For week 7, the task was to record book titles in several different formats and then read them into R. The book-data for this work is available in my github, and this document can be found on rpubs.
rm(list = ls())library(XML)
library(RCurl)
library(rlist)
library(jsonlite)
library(compare)
library(data.table)First we’ll get the HTML file. We’ll read it from github using RCurl’s getURL
html <-getURL("https://raw.githubusercontent.com/plb2018/DATA607/master/books/data_607_books.html")
html.table <- readHTMLTable(html)
html.table <- html.table[[1]]
html.table## title
## 1 Shackleton's Way: Leadership Lessons from the Great Antarctic Explorer
## 2 The Last Gentleman Adventurer: Coming of Age in the Arctic
## 3 The Great Explorers
## authors type pages ISBN10
## 1 Margot Morrel, Stephanie Capparell Paperback 256 0142002364
## 2 Edward Beauclerk Maurice Hardcover 416 0618517510
## 3 Robin Hanbury Tenison Hardcover 304 050025169X
## ISBN13 amazonRating reviewCount
## 1 978-0142002360 3.7/5.0 27
## 2 978-0618517510 5.0/5.0 1
## 3 978-0500251690 N/A 0
The data is loaded to the dataframe!
Next we load the XML file. We’ll read the data from github in the same way as the HTML file.
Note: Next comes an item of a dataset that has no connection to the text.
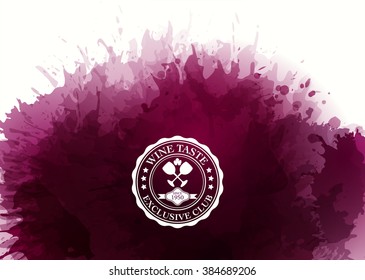 Design template list, wine tasting, invitation or cover. Background with wine stains, expressive texture. Idea for your design. Vector
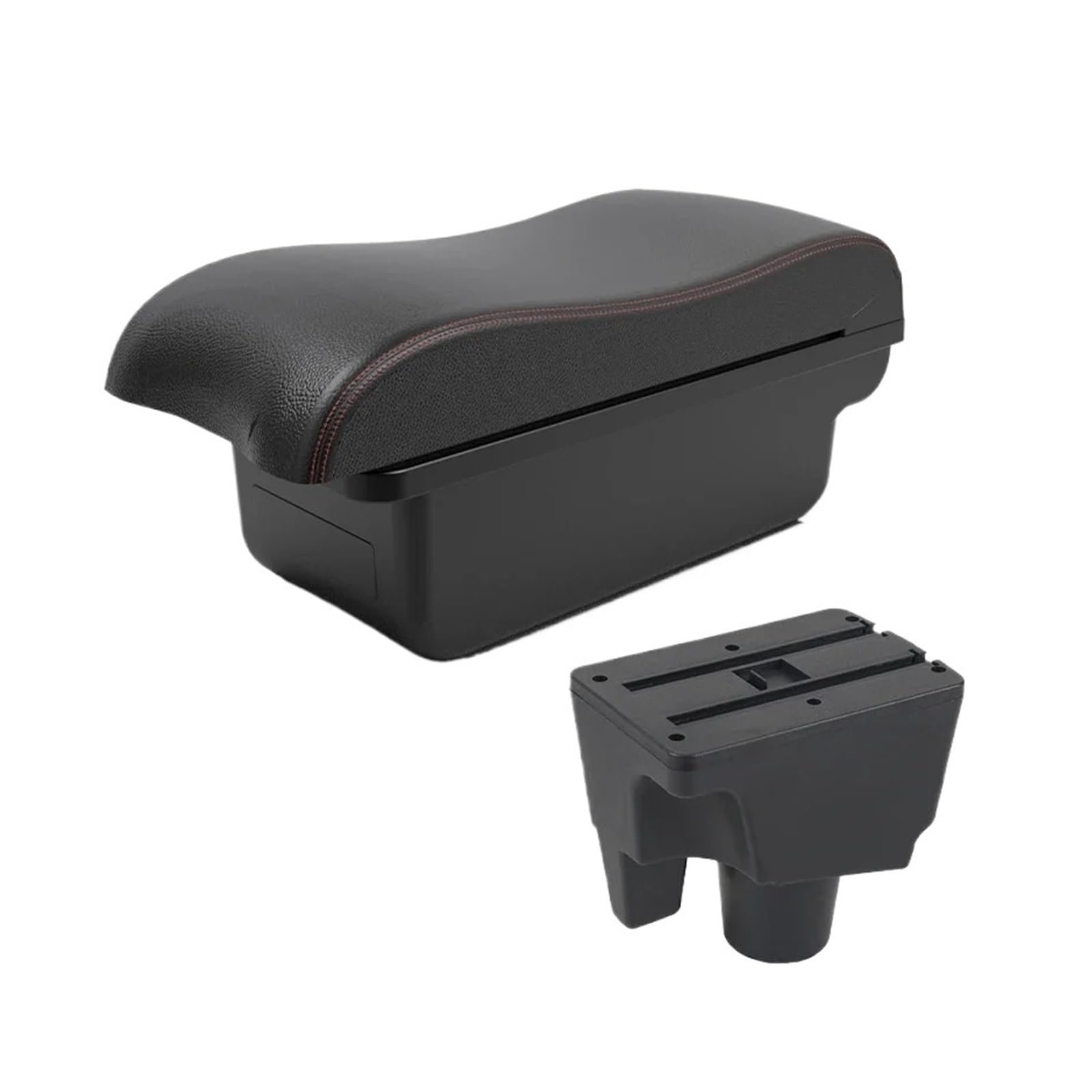 Ggwqoops Car Armrests For Toyota For Aqua For Prius C Armrest Car Center Console Modification Accessories Double-layer Storage Box USB Decoration Armrest Box(A1 Black red NO USB)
xml.file <-getURL("https://raw.githubusercontent.com/plb2018/DATA607/master/books/data_607_books.xml")
xml <- xmlParse(xml.file)
xml.table <- xmlToDataFrame(xml)
xml.table## title
## 1 Shackleton's Way: Leadership Lessons from the Great Antarctic Explorer
## 2 The Last Gentleman Adventurer: Coming of Age in the Arctic
## 3 The Great Explorers
## authors type pages isbn10
## 1 Margot Morrel, Stephanie Capparell Paperback 256 0142002364
## 2 Edward Beauclerk Maurice Hardcover 416 0618517510
## 3 Robin Hanbury Tenison Hardcover 304 050025169X
## isbn13 amazonRating reviewCount
## 1 978-0142002360 3.7/5.0 27
## 2 978-0618517510 5.0/5.0 1
## 3 978-0500251690 N/A 0
Once again, the data is loaded to the dataframe without issue!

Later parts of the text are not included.